Decía también a los discípulos: «Había un hombre rico que tenía un administrador, al cual acusaron de malgastar sus bienes. Lo llamó y le dijo: ‘¿Qué es lo que me han contado de ti? Dame cuenta de tu administración, porque ya no ocuparás más ese puesto’. El administrador pensó entonces: ‘¿Qué voy a hacer ahora que mi señor me quita el cargo? ¿Cavar? No tengo fuerzas. ¿Pedir limosna? Me da vergüenza. ¡Ya sé lo que voy a hacer para que, al dejar el puesto, haya quienes me reciban en su casa!’. Llamó uno por uno a los deudores de su señor y preguntó al primero: ‘¿Cuánto debes a mi señor?’. ‘Veinte barriles de aceite», le respondió. El administrador le dijo: «Toma tu recibo, siéntate en seguida, y anota diez’. Después preguntó a otro: ‘Y tú, ¿cuánto debes?’. ‘Cuatrocientos quintales de trigo’, le respondió. El administrador le dijo: ‘Toma tu recibo y anota trescientos’. Y el señor alabó a este administrador deshonesto, por haber obrado tan hábilmente. Porque los hijos de este mundo son más astutos en sus trato con lo demás que los hijos de la luz. Pero yo les digo: Gánense amigos con el dinero de la injusticia, para que el día en que este les falte, ellos los reciban en las moradas eternas. El que es fiel en lo poco, también es fiel en lo mucho, y el que es deshonesto en lo poco, también es deshonesto en lo mucho. Si ustedes no son fieles en el uso del dinero injusto, ¿quién les confiará el verdadero bien? Y si no son fieles con lo ajeno, ¿quién les confiará lo que les pertenece a ustedes? Ningún servidor puede servir a dos señores, porque aborrecerá a uno y amará al otro, o bien se interesará por el primero y menospreciará al segundo. No puede servir a Dios y al Dinero».

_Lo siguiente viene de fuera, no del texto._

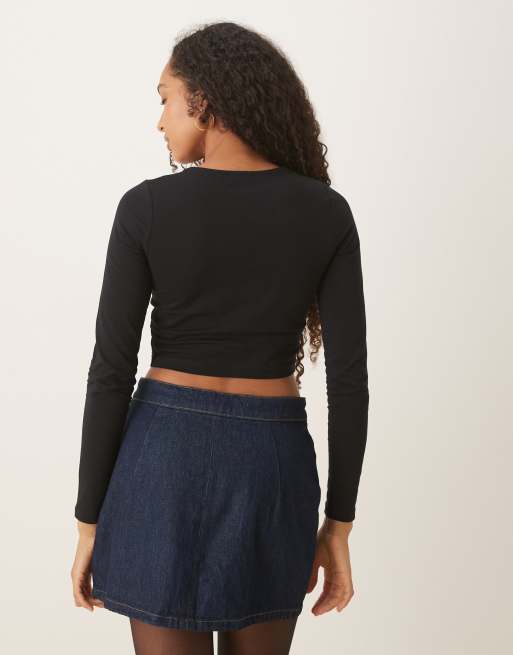 ASOS DESIGN – Figurbetontes, langärmliges Shirt in Schwarz mit kurzem Schnitt, 4 von 4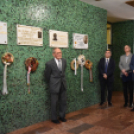 Táblát avattak Dr. Őze Béla emlékére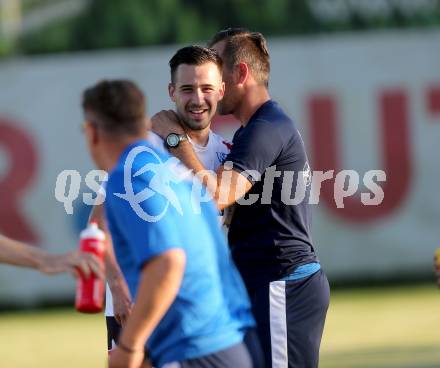 Fussball. Kaerntner Liga. SAK gegen Voelkermarkt. Torjubel  Alen Muharemovic,  Trainer Goran Jolic (SAK). Klagenfurt, 26.8.2016.
Foto: Kuess
---
pressefotos, pressefotografie, kuess, qs, qspictures, sport, bild, bilder, bilddatenbank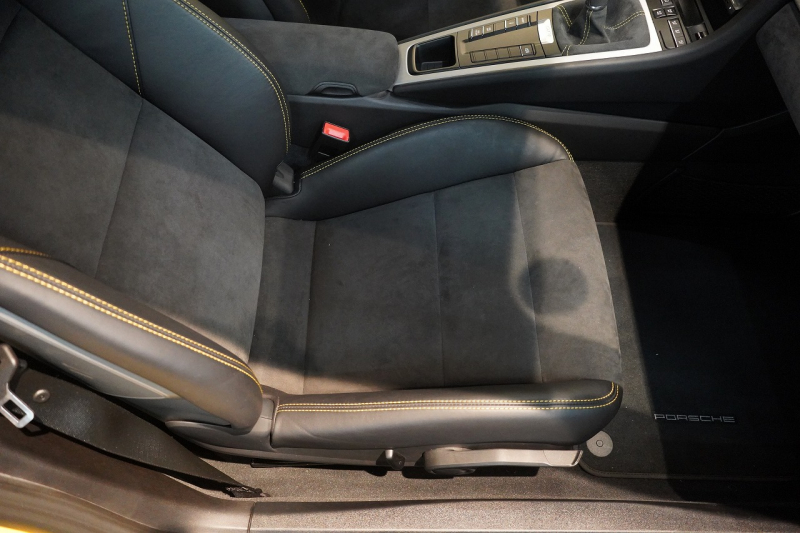 ポルシェ ケイマン(Type981) GT4 6MT 左H スポーツクロノ スポーツエグゾースト レザーインテリア/イエローステッチ 中古車 中古車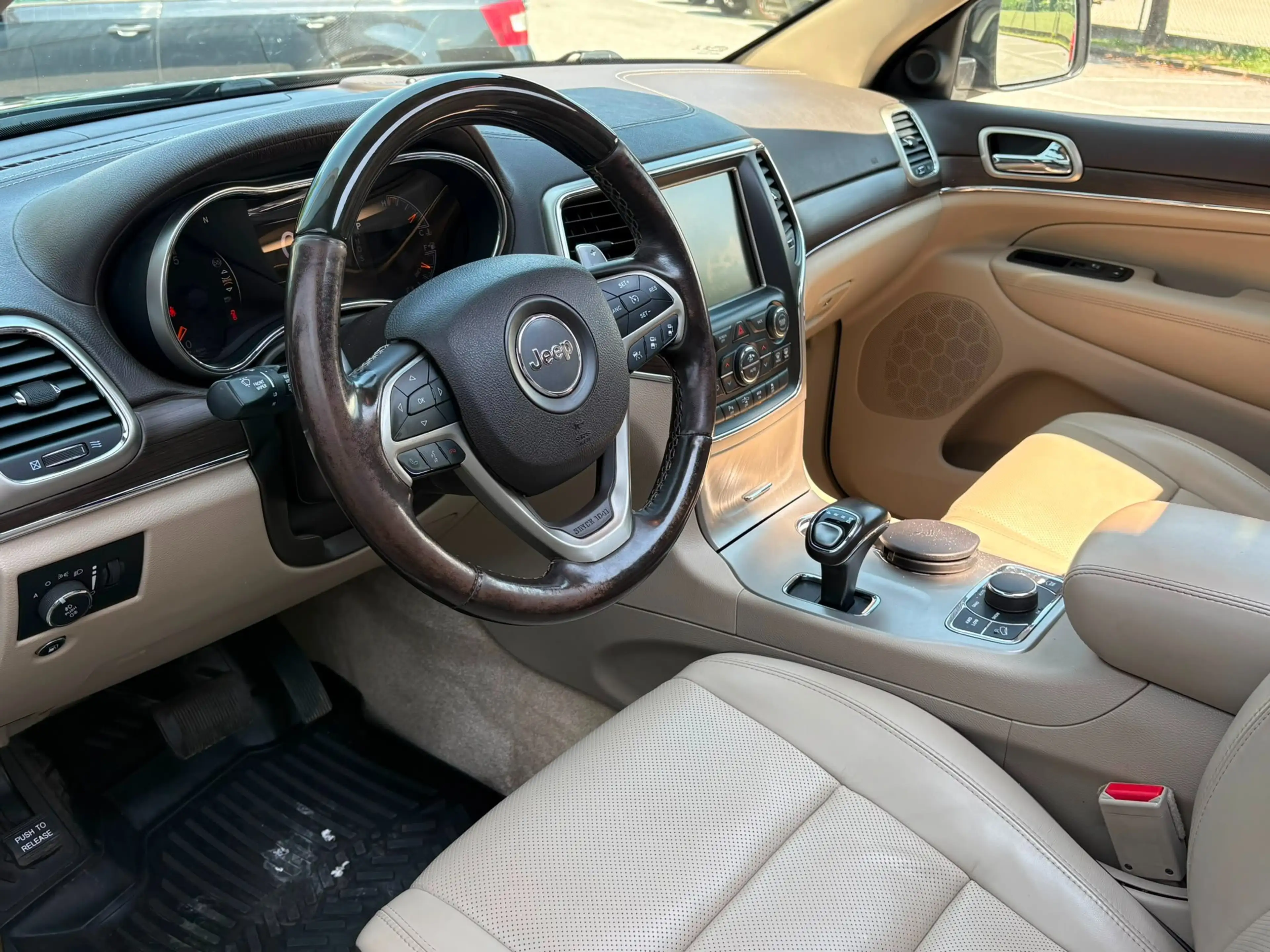 Jeep Grand Cherokee Grand Cherokee 3,0 V6 CRD Overland — photo 11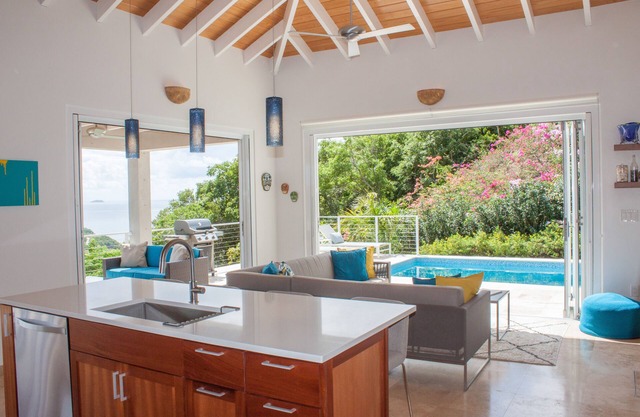 Modern 3bdrm Villa, Stunning South Shore Views, Full A/C, Pool, 24/7 Concierge!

Sagrada Escritura en el portal web de la Santa Sede
Lecturas
Primera lectura: Libro de Amós, Am 8, 4-7
Salmo: Sal 113(112), 1-8
Segunda lectura: Primera Carta de san Pablo a Timoteo, 1 Tim 2, 1-8
Meditación del Santo Padre Francisco
Hay que cuidarse de ceder a la tentación de idolatrar el dinero. Significaría debilitar nuestra fe y correr así el riesgo de habituarse al engaño de deseos insensatos y perjudiciales, tales que lleven al hombre al punto de ahogarse en la ruina y en la perdición. De este peligro puso en guardia el Papa Francisco durante la homilía de la misa que celebró en la mañana del viernes, 20 de septiembre, en la capilla de Santa Marta.

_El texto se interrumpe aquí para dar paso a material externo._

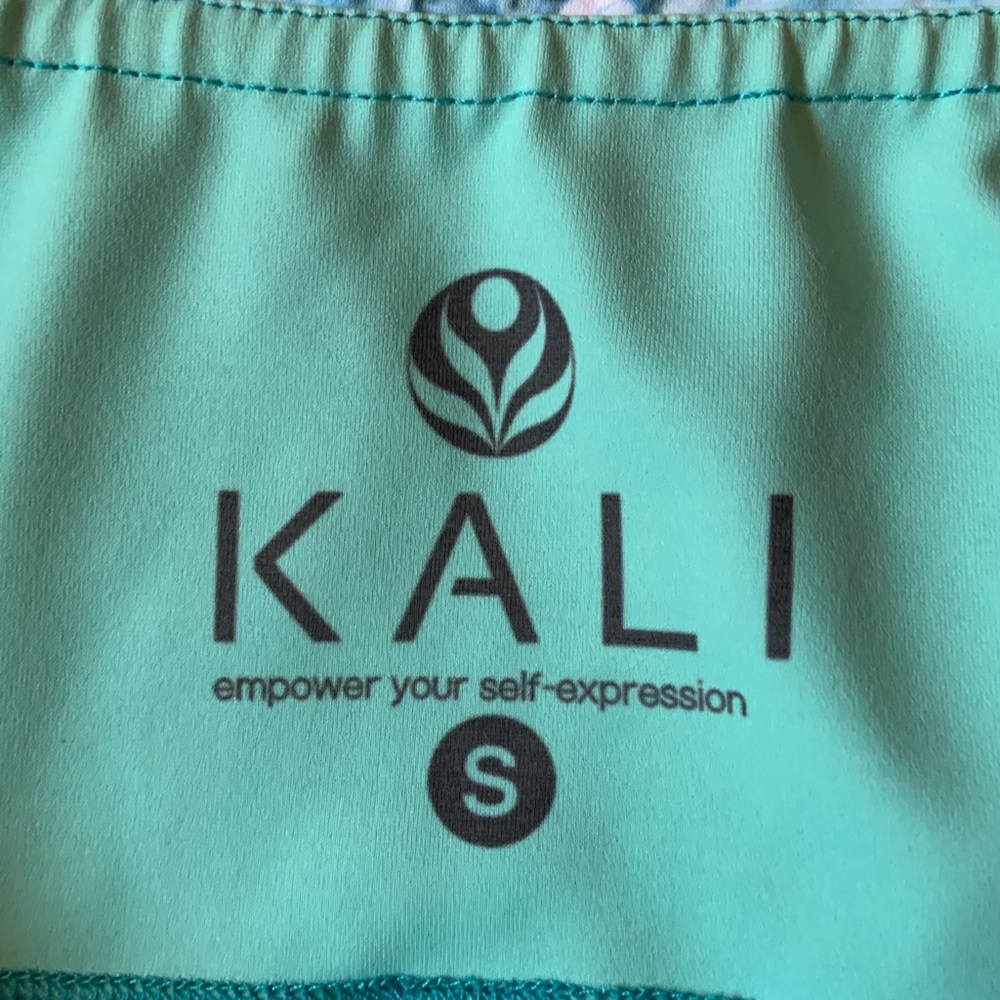 Kali capri leggings with daisies - Picture 3 of 3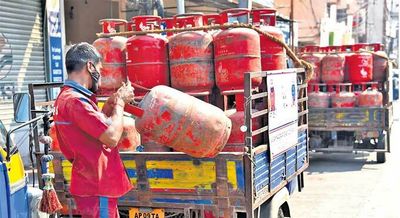 LPG Price: Commercial cooking gas cylinder price cut by Rs 135 from June 1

«Jesús —dijo el Santo Padre comentando las lecturas— nos había dicho claramente, y también definitivamente, que no se puede servir a dos señores: no se puede servir a Dios y al dinero. Hay algo entre ambos que no funciona. Hay algo en la actitud de amor hacia el dinero que nos aleja de Dios». Y citando la primera carta de san Pablo a Timoteo (6, 2-12), el Papa dijo: «Los que quieren enriquecerse sucumben a la tentación del engaño de muchos deseos absurdos y nocivos que hunden a los hombres en la ruina y en la perdición».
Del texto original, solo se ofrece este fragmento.